Zhang Wei, Li Li, Li Xia, Jiang Wei, Huo Jianmin, Wang Yadong, Lin Meihua, Rao Shaoqi
The First Clinical College, Department of Bioinformatics, and the Bio-pharmaceutical Key Laboratory of Heilongjiang Province and State, Harbin Medical University, Harbin 150086, China.
BMC Genomics. 2007 Sep 22;8:332. doi: 10.1186/1471-2164-8-332.
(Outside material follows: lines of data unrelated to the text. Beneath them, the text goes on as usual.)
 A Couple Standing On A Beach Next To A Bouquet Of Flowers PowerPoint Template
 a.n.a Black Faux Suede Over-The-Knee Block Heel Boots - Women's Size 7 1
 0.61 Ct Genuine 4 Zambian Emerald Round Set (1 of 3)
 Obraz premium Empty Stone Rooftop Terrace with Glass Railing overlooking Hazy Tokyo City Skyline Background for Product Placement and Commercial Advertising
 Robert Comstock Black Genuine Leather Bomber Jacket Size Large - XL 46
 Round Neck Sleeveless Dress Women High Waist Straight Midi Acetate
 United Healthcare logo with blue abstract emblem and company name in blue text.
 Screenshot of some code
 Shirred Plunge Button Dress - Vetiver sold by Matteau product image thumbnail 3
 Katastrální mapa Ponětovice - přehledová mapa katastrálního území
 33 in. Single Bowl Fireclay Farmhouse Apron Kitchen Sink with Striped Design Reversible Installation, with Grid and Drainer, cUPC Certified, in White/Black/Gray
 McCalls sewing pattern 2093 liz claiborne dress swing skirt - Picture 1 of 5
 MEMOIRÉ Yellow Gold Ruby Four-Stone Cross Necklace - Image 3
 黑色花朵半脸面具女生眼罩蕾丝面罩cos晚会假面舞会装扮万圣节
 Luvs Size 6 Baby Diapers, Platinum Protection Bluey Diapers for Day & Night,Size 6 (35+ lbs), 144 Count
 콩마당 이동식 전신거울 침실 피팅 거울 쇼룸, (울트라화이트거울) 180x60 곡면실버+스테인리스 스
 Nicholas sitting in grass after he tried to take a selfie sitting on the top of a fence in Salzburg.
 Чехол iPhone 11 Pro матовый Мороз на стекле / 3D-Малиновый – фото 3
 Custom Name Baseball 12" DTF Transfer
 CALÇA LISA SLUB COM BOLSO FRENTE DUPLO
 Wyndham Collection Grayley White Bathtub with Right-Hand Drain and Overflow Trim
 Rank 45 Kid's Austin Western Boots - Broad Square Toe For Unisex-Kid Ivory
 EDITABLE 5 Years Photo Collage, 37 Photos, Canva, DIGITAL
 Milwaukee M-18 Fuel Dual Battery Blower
It becomes increasingly clear that our current taxonomy of clinical phenotypes is mixed with molecular heterogeneity. Of vital importance for refined clinical practice and improved intervention strategies is to define the hidden molecular distinct diseases using modern large-scale genomic approaches. Microarray omics technology has provided a powerful way to dissect hidden genetic heterogeneity of complex diseases. The aim of this study was thus to develop a bioinformatics approach to seek the transcriptional features leading to the hidden subtyping of a complex clinical phenotype. The basic strategy of the proposed method was to iteratively partition in two ways sample and feature space with super-paramagnetic clustering technique and to seek for hard and robust gene clusters that lead to a natural partition of disease samples and that have the highest functionally conceptual consensus evaluated with Gene Ontology.
We applied the proposed method to two publicly available microarray datasets of diffuse large B-cell lymphoma (DLBCL), a notoriously heterogeneous phenotype. A feature subset of 30 genes (38 probes) derived from analysis of the first dataset consisting of 4026 genes and 42 DLBCL samples identified three categories of patients with very different five-year overall survival rates (70.59%, 44.44% and 14.29% respectively; p = 0.0017). Analysis of the second dataset consisting of 7129 genes and 58 DLBCL samples revealed a feature subset of 13 genes (16 probes) that not only replicated the findings of the important DLBCL genes (e.g. JAW1 and BCL7A), but also identified three clinically similar subtypes (with 5-year overall survival rates of 63.13%, 34.92% and 15.38% respectively; p = 0.0009) to those identified in the first dataset. Finally, we built a multivariate Cox proportional-hazards prediction model for each feature subset and defined JAW1 as one of the most significant predictor (p = 0.005 and 0.014; hazard ratios = 0.02 and 0.03, respectively for two datasets) for both DLBCL cohorts under study.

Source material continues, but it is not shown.